[PATCH] RFC: dma-buf: Require VM_SPECIAL vma for mmap

Daniel Vetter daniel.vetter at ffwll.ch
Fri Feb 5 09:14:55 UTC 2021


On Thu, Feb 4, 2021 at 9:59 PM Jason Gunthorpe <jgg at ziepe.ca> wrote:
>
> On Thu, Feb 04, 2021 at 09:19:57PM +0100, Daniel Vetter wrote:
> > On Thu, Feb 4, 2021 at 9:09 PM Jason Gunthorpe <jgg at ziepe.ca> wrote:
> > >
> > > On Thu, Feb 04, 2021 at 08:59:59PM +0100, Daniel Vetter wrote:
> > >
> > > > So I think just checking for VM_PFNMAP after the vma is set up should
> > > > be enough to guarantee we'll only have pte_special ptes in there,
> > > > ever. But I'm not sure, this stuff all isn't really documented much
> > > > and the code is sometimes a maze (to me at least).
> > >
> > > Yes, that makes sense.

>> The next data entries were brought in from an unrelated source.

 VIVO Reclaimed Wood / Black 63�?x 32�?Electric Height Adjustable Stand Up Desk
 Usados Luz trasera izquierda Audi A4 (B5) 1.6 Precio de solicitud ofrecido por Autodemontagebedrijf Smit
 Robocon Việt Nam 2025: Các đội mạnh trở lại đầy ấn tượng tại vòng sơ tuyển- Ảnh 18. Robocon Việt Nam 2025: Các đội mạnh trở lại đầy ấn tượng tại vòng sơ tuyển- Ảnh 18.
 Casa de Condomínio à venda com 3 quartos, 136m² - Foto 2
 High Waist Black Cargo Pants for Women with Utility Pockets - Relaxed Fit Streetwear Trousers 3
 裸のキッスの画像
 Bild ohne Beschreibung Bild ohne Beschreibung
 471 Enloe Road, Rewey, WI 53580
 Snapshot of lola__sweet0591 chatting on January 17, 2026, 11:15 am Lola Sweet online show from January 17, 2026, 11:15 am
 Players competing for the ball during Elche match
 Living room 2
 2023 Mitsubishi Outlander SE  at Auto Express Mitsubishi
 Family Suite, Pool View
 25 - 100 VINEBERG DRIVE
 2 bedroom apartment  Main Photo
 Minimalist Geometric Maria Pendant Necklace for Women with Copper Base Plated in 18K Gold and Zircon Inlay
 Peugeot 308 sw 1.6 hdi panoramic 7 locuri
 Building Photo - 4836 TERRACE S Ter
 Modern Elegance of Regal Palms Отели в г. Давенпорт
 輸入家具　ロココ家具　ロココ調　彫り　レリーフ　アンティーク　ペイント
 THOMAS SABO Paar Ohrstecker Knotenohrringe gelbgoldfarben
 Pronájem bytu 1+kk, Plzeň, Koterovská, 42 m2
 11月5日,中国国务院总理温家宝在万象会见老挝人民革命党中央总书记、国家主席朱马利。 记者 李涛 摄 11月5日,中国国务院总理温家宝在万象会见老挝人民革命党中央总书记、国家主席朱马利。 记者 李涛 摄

VM_PFNMAP and !VM_MIXEDMAP seems like the right
> > > check after the VMA is populated
> > >
> > > But how do you stuff special pfns into a VMA outside the fault
> > > handler?
> >
> > Many drivers we have don't have dynamic buffer management (kinda
> > overkill for a few framebuffers on a display-only IP block), so the
> > just remap_pfn_range on ->mmap, and don't have a fault handler at all.
>
> remap_pfn_range() makes sense, do you expect drivers using struct page
> backed memory to call that as well?

All the ones using CMA through dma_alloc_coherent end up in there with
the dma_mmap_wc function. So yeah we have tons already.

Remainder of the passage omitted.